» **Source material**
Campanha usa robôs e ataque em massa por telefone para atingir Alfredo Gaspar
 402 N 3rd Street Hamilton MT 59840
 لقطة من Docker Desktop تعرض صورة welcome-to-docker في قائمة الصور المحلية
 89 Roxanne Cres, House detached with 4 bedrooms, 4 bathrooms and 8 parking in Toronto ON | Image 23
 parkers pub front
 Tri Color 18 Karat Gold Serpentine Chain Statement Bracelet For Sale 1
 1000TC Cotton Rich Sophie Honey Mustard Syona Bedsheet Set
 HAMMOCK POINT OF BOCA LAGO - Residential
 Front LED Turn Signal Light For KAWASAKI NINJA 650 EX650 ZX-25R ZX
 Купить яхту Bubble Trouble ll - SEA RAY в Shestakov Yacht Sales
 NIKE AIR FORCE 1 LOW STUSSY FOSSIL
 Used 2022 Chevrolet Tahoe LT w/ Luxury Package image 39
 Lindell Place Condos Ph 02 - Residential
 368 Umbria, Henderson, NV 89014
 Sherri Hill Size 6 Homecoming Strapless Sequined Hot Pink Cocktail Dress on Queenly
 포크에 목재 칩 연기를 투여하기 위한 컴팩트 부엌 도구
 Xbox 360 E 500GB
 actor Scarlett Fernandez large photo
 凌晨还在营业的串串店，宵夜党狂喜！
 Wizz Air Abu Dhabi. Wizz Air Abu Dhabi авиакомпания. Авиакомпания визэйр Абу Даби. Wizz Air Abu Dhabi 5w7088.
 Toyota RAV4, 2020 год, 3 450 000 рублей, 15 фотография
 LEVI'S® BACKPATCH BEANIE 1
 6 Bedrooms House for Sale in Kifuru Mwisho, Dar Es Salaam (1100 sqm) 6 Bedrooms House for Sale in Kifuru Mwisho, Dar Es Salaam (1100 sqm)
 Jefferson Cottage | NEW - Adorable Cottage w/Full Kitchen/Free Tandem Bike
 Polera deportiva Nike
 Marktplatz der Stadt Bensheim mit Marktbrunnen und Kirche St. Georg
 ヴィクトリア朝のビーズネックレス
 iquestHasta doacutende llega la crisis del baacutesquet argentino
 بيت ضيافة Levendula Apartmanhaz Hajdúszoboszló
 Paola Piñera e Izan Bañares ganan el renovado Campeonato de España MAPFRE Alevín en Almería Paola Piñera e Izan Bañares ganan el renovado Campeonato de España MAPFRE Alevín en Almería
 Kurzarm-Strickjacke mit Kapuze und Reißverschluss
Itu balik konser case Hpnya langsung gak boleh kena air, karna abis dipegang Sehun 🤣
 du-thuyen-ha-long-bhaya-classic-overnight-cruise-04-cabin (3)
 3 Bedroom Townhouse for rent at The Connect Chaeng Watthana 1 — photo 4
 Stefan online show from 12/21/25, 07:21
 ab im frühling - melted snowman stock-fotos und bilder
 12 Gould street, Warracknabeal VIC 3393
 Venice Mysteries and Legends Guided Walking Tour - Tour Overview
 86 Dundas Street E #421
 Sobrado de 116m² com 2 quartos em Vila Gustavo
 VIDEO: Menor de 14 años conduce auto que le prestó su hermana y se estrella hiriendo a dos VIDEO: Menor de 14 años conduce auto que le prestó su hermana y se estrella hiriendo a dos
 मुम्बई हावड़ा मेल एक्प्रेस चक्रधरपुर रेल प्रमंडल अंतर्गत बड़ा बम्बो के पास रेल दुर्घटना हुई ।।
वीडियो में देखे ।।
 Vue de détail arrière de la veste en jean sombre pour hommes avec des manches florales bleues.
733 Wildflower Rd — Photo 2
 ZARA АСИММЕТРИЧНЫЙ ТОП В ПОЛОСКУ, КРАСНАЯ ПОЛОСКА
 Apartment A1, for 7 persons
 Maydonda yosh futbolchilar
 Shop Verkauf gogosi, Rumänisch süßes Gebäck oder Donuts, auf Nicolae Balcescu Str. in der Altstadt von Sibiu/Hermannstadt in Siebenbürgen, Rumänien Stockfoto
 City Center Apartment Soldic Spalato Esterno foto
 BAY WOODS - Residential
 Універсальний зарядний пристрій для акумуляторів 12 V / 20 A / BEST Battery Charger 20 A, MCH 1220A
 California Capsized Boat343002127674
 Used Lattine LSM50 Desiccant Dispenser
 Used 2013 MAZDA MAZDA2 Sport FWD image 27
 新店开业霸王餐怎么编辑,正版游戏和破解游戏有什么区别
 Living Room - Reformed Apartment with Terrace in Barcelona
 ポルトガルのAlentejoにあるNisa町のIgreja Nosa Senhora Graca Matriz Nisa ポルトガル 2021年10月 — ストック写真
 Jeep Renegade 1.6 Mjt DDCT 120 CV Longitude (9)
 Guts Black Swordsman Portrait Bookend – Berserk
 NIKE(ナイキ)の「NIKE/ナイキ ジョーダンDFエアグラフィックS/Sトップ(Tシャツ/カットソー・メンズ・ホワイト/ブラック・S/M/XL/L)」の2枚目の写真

» **Work to complete**
The answer is the line with "Apartment A1, for 7 persons" plus every line after it, printed exactly as they appear above.

» **Task solution**
 Apartment A1, for 7 persons
 Maydonda yosh futbolchilar
 Shop Verkauf gogosi, Rumänisch süßes Gebäck oder Donuts, auf Nicolae Balcescu Str. in der Altstadt von Sibiu/Hermannstadt in Siebenbürgen, Rumänien Stockfoto
 City Center Apartment Soldic Spalato Esterno foto
 BAY WOODS - Residential
 Універсальний зарядний пристрій для акумуляторів 12 V / 20 A / BEST Battery Charger 20 A, MCH 1220A
 California Capsized Boat343002127674
 Used Lattine LSM50 Desiccant Dispenser
 Used 2013 MAZDA MAZDA2 Sport FWD image 27
 新店开业霸王餐怎么编辑,正版游戏和破解游戏有什么区别
 Living Room - Reformed Apartment with Terrace in Barcelona
 ポルトガルのAlentejoにあるNisa町のIgreja Nosa Senhora Graca Matriz Nisa ポルトガル 2021年10月 — ストック写真
 Jeep Renegade 1.6 Mjt DDCT 120 CV Longitude (9)
 Guts Black Swordsman Portrait Bookend – Berserk
 NIKE(ナイキ)の「NIKE/ナイキ ジョーダンDFエアグラフィックS/Sトップ(Tシャツ/カットソー・メンズ・ホワイト/ブラック・S/M/XL/L)」の2枚目の写真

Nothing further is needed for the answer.